7. For the right applicant, go the extra mile
You’ve stepped through a rigorous interview process and found your qualified candidates. Now it’s time to bring them onto the team but your initial offer wasn’t enough. In a moment like this, don’t be shy about rolling out the incentives and perks. Obviously taking into account your company’s unique situation, include things like a higher wage, relocation assistance, and a sweeter benefits package (like more paid time off). Remember the best candidates will likely have offers on the table from multiple companies so you’ll want to make yours as competitive as possible.
8. Hire slowly
As the old adage goes, “Fire fast, hire slow.” Once you’ve got the top candidate to agree to an employment package, give them time to learn the role and prove themselves. Don’t think of onboarding as a one or two-day event where you hand them an employee handbook and consider them a full-fledged team member. Set a trial period (anywhere from 30 to 90 days) with crystal clear expectations about what both parties (the new employee and the company) should accomplish in that time. Make sure job shadowing and training are mixed into their onboarding plan even as their responsibilities grow. Be upfront about what happens if the new hire doesn’t perform on certain parts of their assessment during this trial period.
This is their chance to show what they’ve got. If you end up having to let the person go, having a trial period (and documenting it well) makes that unfortunate event much easier. More importantly, though, the trial period should be framed as an opportunity to learn and show existing skills rather than a high-stakes test early on.
9. Onboard with the team in mind
Onboarding isn’t just about one person. It’s about the whole team.When you add a new team member, you’ve changed the entire workplace. Take the time to acknowledge that in word and practice with your employees. Help them adjust to integrating a new employee into their workflows and team culture. Assist the new employee in understanding how things work in your company beyond the formal structures and technical realities of their industry.
If you need to, create new processes that reflect how things have changed. At some points, teams get too big and complex to operate in the ways that made them successful in the past. If you feel like you’ve reached that threshold after a new hire, act accordingly and shake things up so the team can optimize for its growth. That’s your role as the owner, keeping the big picture in perspective while empowering your team to do their best work together.
10. Keep recruiting
The best way to recruit well is to never really stop. In other words, hiring isn’t just about when you suddenly need a new team member. The top talent isn’t running on your personal recruitment calendar. That means you’ll need to stay vigilant about where talent is in the industry market and pursue, even if it’s not precisely the right time for your company in some cases.
At the very least, you want to maintain ongoing recruitment efforts so you can stay top of mind for potential candidates that are out there. Make it your goal to be their “next choice” for when they finally make the jump and start looking for a new place of employment. You can accomplish this through the social media content about your company that you share on your website, hosting networking events for your team and local talent, and doing follow ups with the top talent that you keep in touch with regularly.

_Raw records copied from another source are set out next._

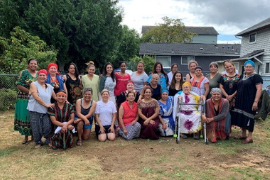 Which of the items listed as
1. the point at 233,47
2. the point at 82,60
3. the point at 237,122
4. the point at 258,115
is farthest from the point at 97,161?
the point at 233,47

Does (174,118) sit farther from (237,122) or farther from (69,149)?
(69,149)

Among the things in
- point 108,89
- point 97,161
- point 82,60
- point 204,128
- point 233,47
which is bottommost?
point 97,161

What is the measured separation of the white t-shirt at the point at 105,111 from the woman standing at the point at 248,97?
2.96m

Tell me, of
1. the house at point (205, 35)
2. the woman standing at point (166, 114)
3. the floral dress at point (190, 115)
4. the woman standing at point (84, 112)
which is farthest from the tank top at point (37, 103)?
the house at point (205, 35)

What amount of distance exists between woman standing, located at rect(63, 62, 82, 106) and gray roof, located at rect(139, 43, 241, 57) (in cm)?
2417

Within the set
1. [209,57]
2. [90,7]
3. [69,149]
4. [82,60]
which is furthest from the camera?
[209,57]

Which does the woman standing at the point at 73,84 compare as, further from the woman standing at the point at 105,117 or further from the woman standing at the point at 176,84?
the woman standing at the point at 176,84

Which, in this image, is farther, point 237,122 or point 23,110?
point 237,122

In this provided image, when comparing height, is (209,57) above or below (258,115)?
above

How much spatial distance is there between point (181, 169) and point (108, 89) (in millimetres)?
2983

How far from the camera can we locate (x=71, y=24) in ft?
58.5

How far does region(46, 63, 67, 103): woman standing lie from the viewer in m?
5.67

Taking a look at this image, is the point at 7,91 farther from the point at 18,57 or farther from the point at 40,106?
the point at 40,106

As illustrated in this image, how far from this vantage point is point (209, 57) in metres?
31.0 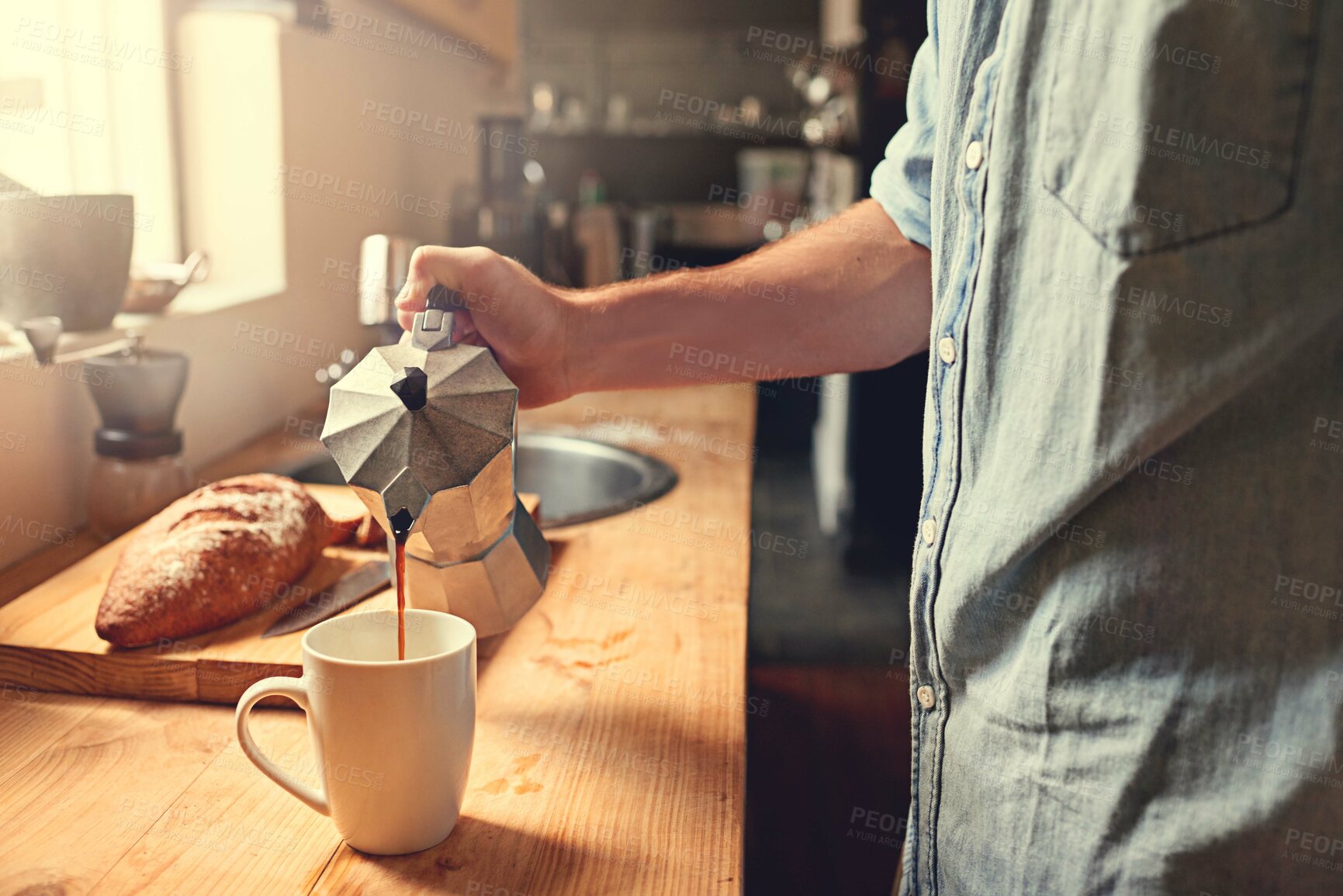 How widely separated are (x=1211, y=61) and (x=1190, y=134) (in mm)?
40

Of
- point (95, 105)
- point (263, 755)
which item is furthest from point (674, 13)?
point (263, 755)

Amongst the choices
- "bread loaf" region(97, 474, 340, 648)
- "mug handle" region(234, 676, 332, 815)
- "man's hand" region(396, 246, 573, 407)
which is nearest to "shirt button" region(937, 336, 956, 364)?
"man's hand" region(396, 246, 573, 407)

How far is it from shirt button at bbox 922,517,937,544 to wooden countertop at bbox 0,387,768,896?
0.20m

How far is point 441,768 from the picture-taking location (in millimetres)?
601

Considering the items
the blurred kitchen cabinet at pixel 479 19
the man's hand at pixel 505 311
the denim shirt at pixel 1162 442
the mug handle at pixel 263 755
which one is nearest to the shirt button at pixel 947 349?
the denim shirt at pixel 1162 442

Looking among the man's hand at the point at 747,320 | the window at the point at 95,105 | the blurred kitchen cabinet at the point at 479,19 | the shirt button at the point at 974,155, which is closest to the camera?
the shirt button at the point at 974,155

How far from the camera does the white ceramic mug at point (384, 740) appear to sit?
58 centimetres

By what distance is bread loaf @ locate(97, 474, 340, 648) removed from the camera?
794 mm

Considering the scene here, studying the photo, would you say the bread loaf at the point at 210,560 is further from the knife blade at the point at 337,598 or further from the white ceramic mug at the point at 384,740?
the white ceramic mug at the point at 384,740

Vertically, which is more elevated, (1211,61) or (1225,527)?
(1211,61)

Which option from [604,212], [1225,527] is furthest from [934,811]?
[604,212]

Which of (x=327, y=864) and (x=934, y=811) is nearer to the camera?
(x=327, y=864)

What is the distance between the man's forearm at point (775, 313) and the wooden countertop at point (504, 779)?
0.23 meters

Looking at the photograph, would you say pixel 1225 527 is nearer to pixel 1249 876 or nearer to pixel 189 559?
pixel 1249 876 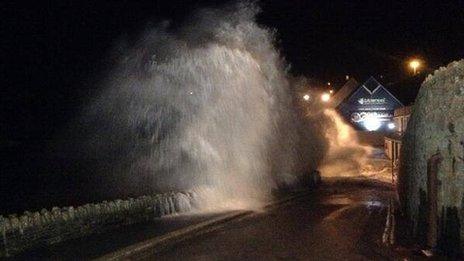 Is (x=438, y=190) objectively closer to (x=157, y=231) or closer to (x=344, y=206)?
(x=157, y=231)

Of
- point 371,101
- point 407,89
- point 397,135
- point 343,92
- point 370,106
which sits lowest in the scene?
point 397,135

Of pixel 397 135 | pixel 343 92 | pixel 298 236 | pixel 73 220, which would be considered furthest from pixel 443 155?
pixel 343 92

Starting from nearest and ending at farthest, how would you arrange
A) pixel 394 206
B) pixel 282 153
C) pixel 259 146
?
pixel 394 206 → pixel 259 146 → pixel 282 153

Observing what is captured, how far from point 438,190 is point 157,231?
6.64 meters

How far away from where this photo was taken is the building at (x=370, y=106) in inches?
2425

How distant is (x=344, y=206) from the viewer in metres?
19.8

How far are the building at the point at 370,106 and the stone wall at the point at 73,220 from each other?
166 ft

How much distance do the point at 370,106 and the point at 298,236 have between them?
174 feet

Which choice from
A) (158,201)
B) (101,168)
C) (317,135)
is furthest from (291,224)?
(317,135)

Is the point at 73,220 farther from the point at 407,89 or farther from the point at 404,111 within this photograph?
the point at 407,89

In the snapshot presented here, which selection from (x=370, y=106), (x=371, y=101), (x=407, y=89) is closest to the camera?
(x=371, y=101)

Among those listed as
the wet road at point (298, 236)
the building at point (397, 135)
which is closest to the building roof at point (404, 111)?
the building at point (397, 135)

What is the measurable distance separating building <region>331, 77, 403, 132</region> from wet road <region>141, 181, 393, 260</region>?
4325cm

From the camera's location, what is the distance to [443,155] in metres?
10.4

Finding and hiring top talent in the trades is an ongoing process
Taking the steps outlined above will help you put more intentionality and focus into your recruitment process. As the market for technician talent gets tighter, the businesses that will successfully recruit the best applicants are those willing to form a recruitment strategy to reach skilled technicians where they are and onboard them onto high-performing teams. Don’t forget, your current employee training and retention are also important.